The day after my injury, I went to the emergency room and discovered I had broken my ankle. I was given a boot to wear and crutches to get me from one place to another. Physical therapy gave me a quick lesson on using them, and I was sent on my way.
Upon returning home, I made my way from the car to the stairs and came to a dead stop. If you have ever used crutches, you know that one needs to hop up the stairs, which is challenging. I stood there for a few moments and determined I could not do it. I was scared. I was scared that I would fall, and I was scared I would hit my broken ankle on the stairs. So, we called for help.
Since then, I have transitioned to using a walker and, when needed, a wheelchair. Both present their own difficulties. The wheelchair is far more comfortable but also the most restrictive. Amazingly, a ¾” lip on a threshold can prevent a wheelchair from entering a building. How about trying to open a door and go through it? Before being confined to devices that aid, I was blind to the idea that we excluded people based on their mobility. Not intentionally, of course, but still excluding.

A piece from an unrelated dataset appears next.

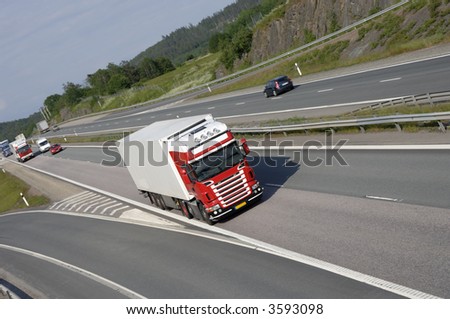 red and white truck speeding on highway, elevated frontal view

Today’s passage from the Gospel of Matthew is rather harsh. Jesus is preaching and telling those listening that it is not what goes in one’s mouth but rather that which comes out that defiles a person. There had been a great discussion about Jewish dietary restrictions, and Jesus is trying to combat that. He is reminding them that what we say really leaves a mark.
By tradition, Orthodox Christians abstain from meat and dairy on Wednesday and Friday and during Advent and Lent. This is a strict fast, with no wiggle room, meat, or dairy. This spiritual discipline teaches that if we can control what goes in, we can control what comes out. The understanding is we have control over what we eat and how much. If we can control the desire to eat, we can control other desires we may not have as much control over.

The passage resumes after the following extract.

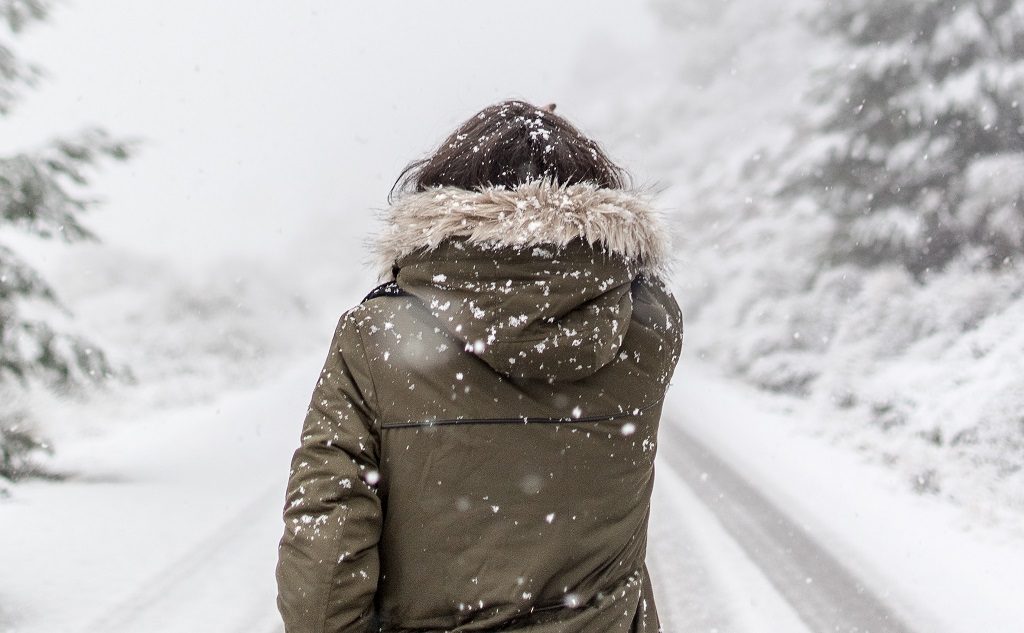 woman walking down snowy path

In my Orthodox days, I always advised folx to abstain as much as possible. Nothing worse than trying to take on a spiritual discipline only to fail. Start small and work up. Abstaining from anything is a sacrifice but can also be behavior-changing. Again, the idea is to control what comes out. I recall saying, just before a period of abstinence was about to begin, that if you abstain but come out the other side the same nasty person you were going in, it did not work. Abstaining for abstaining sake is worthless. It’s about behavior change.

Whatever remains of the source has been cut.